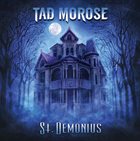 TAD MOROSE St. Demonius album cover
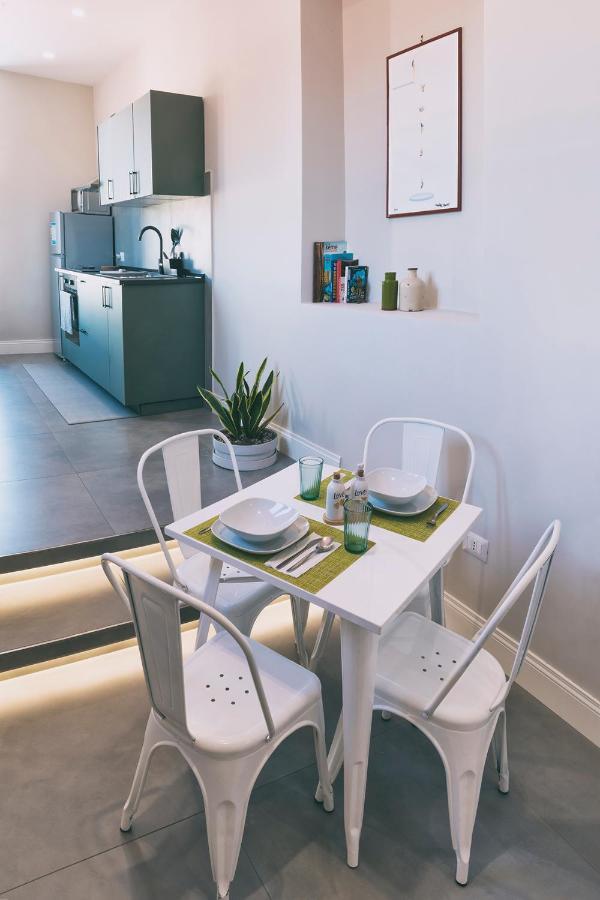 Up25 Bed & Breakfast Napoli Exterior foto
* * *
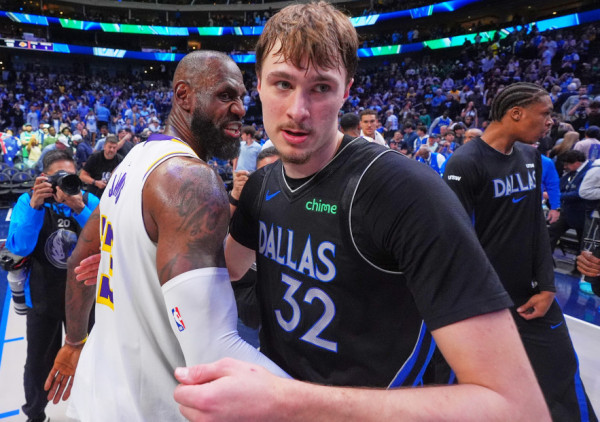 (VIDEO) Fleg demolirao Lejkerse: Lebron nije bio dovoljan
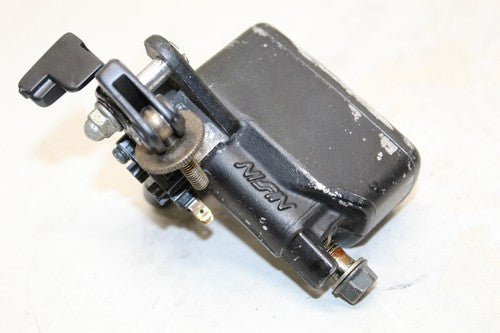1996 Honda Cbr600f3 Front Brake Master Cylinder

_WHAT IS BEING ASKED:_
Only one stretch of the listing is wanted: the lines starting at the one with "TAD MOROSE St. Demonius album cover" and ending at the one with "Up25 Bed & Breakfast Napoli Exterior foto", copied exactly and free of pictures.

_EXERCISE SOLUTION:_
 TAD MOROSE St. Demonius album cover
 Up25 Bed & Breakfast Napoli Exterior foto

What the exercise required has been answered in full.